The president of Guyana’s embattled cricket board (GCB) resigned his post Tuesday after court marshals and police invaded his home, office as well as the residences and offices of several other top officials to seize financial and other documents in an escalating feud with government over alleged corruption and maladministration of the game in the former British colony.

Ramsay Alli said that “sustained pressure from government in the last nine months” had taken a toll on his job as director of a private company and on his family, forcing him to resign with immediate effect as head of the country’s governing cricket.

Government through the sports ministry late last year said it was taking the unprecedented step of dismantling the elected board and replacing it with an Interim Management Committee (IMC) headed by former Guyana and West Indies Captain Clive Lloyd but international governing bodies have stoutly resisted, threatening to ban Guyana from participation in international games. The board’s head office was also searched and documents and computers removed.

Earlier this month in fact, the Antigua-based (WICB) cancelled plans for Australia to play a test math in Guyana in April and moved the Guyana national team to a new base in Dominica to play matches in the ongoing annual regional tournament. It also threatened to scrub all of Guyana’s international matches from its calendar next year contending that the GCB is the elected board and politicians have no place in normal sports administration.

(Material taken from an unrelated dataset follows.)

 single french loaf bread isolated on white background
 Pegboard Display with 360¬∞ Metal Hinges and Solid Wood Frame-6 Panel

Alli told the AP early Tuesday that court marshals accompanied by police had searched his workplace office and home, as well as those of his board secretary Anand Senasee, past president and trustee Chetram Singh as well as fellow trustee Lionel Jaikarran to remove documents showing that “we are still functioning as the elected board.”

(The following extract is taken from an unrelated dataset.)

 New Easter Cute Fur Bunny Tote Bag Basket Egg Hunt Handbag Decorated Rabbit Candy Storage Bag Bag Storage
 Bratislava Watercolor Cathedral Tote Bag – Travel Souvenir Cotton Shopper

That action, he said forced directors at his company to demand he quit cricket administration and concentrate on daily company duties. He also said that “my wife was pretty upset with police going to search our home. That it is, that is enough,” he said.

Authorities had also padlocked the board’s office at the Bourda Cricket Ground to lock out officials but had removed them when the board went to court.

Opposition parties and civic groups have widely condemned the attempt by government to take over cricket but have done little by way of protests to up the ante.

Assistant Police Commissioner Seelall Persaud confirmed the raids, saying that “police were there only to ensure peace was kept. We had no other major role.”

Authorities say board members are corrupt and have brought the game to its lowest ebb in decades through infighting and petty squabbling.